We never place on the table

  • More than four glasses
  • 2 glasses of the same shape and size
  • We always place a water glass (with the exception of a champagne only meal (please invite me) – no water glass is placed on the table in that case)

There is no official rule as how the glasses should be set on the table. We should always make sure though that these are placed in a way, that they do not disturb the guests or the service brigade. The two most commonly practiced options are:

  • In a diagonal line 1cm from the tip of the main course knife
  • Forming a square taking in consideration the order in which the wines will be served.

If the menu to be served requires more silverware or glassware than the maximum number that can be set on the table, these should be added just right before the corresponding course is served. 

What type of cutlery should be set for…

Fried eggs

Dessert spoon and fork. If the dish includes bacon add a first course knife placed on right hand side of the napkin on the left side of the dessert spoon.
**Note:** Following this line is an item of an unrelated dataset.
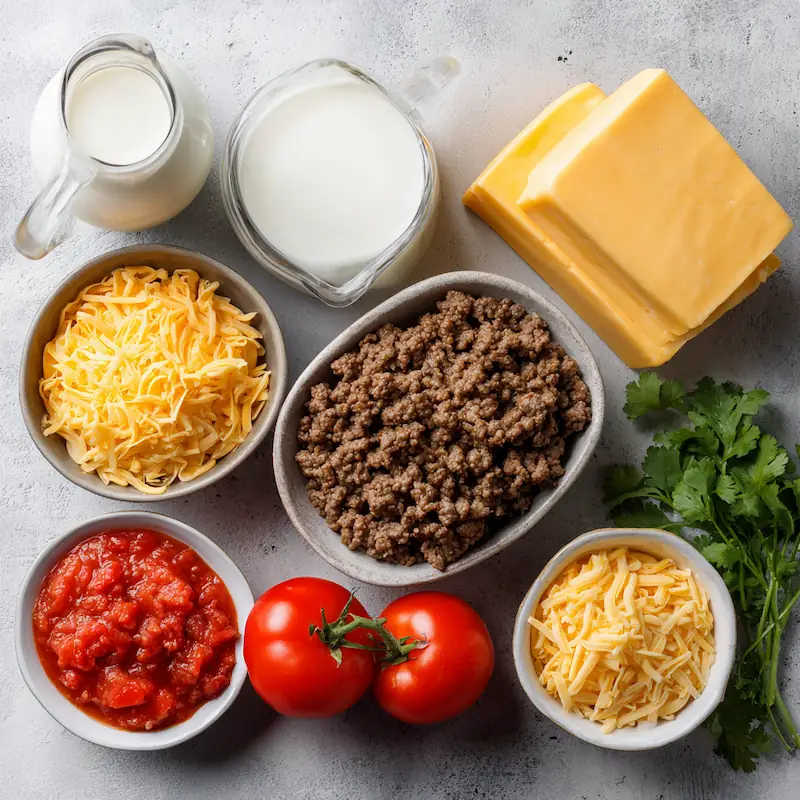 🧀 Cheap & Cheesy Slow Cooker Queso Dip Recipe for Students (5-Ingredient Game Night Snack) 2 Ingredients for slow cooker queso dip on a counter: ground beef, Velveeta cheese, Rotel tomatoes, and milk.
Omelettes, scrambled and poached eggs

Main course fork placed on the right hand side of the napkin.

Note: Avoid using silver cutlery when serving eggs since once in contact with the eggs it will be oxidised and result to a rusty egg taste! Use stainless steel instead or horn or even plastic if you are at home (always depending where home is of course.)

Rissoles, Croquettes, soufflés, puff pastry, pasta gnocchi and rice

Main course fork placed on the right hand side of the napkin.

Quiches, ramequins, croque-monsieur (madame), tartelettes, barquettes

First course fork and knife

Melon and Parma Ham

First course fork and knife

Caviar (portion)

Mother of pearl knife or first course knife (avoid silver as it alters the taste of the caviar)

Caviar with served on Blinis

First course fork and knife (again avoid silver)

Smoked Salmon

First course fork and knife

Lobster Medallion (served cold)

First course fork and knife

Lobster in half shell (served cold)

First course fork and knife, lobster plier placed left and lobster curette placed right, finger bowl a plate for the shell waste

Lobster (off the shell served hot)

Fish knife and fork. If the dish has sauce add sauce spoon placed right (and to right of the knife)

Oysters in half shell

Oyster fork placed right, finger bowl

Moules (mussels) Marinière

Fish knife and fork, dessert spoon placed right (and to the right of the knife), finger bowl and plate for the shell waste

Bouillabaisse

Fish knife and fork, soup spoon placed right (and to the right of the knife), finger bowl plate for the shell waste

Frog legs

First course fork and knife finger bowl and plate for the waste

Escargot (Julia’s favourite – Roberts not Child!!!)

Snail tong placed left, special snail fork placed right and tea spoon placed right (and to the right of the fork)

Meat dishes

Main course knife and fork

Fish dishes

Fish fork and knife

Poultry and Game (poussin, pigeon, quail)

First course fork and knife finger bowl and plate for the waste (optional)

Steak Tartar

Main course knife and fork

Asparagus spears

Main course fork placed right and finger bowl

Corn on the cop

Finger bowl

Cheese

First course knife and fork

Fruit served whole

First course fork and knife finger bowl

Fruit Salad

Dessert spoon and fork

Fruit Tart

  • Served as part of a meal: Dessert spoon and fork
  • Served in the afternoon: Dessert fork or special tart fork placed right 

And now you are all set for Highclere Castle! And don’t forget to correctly dress the part otherwise Violet might take you for the waiter!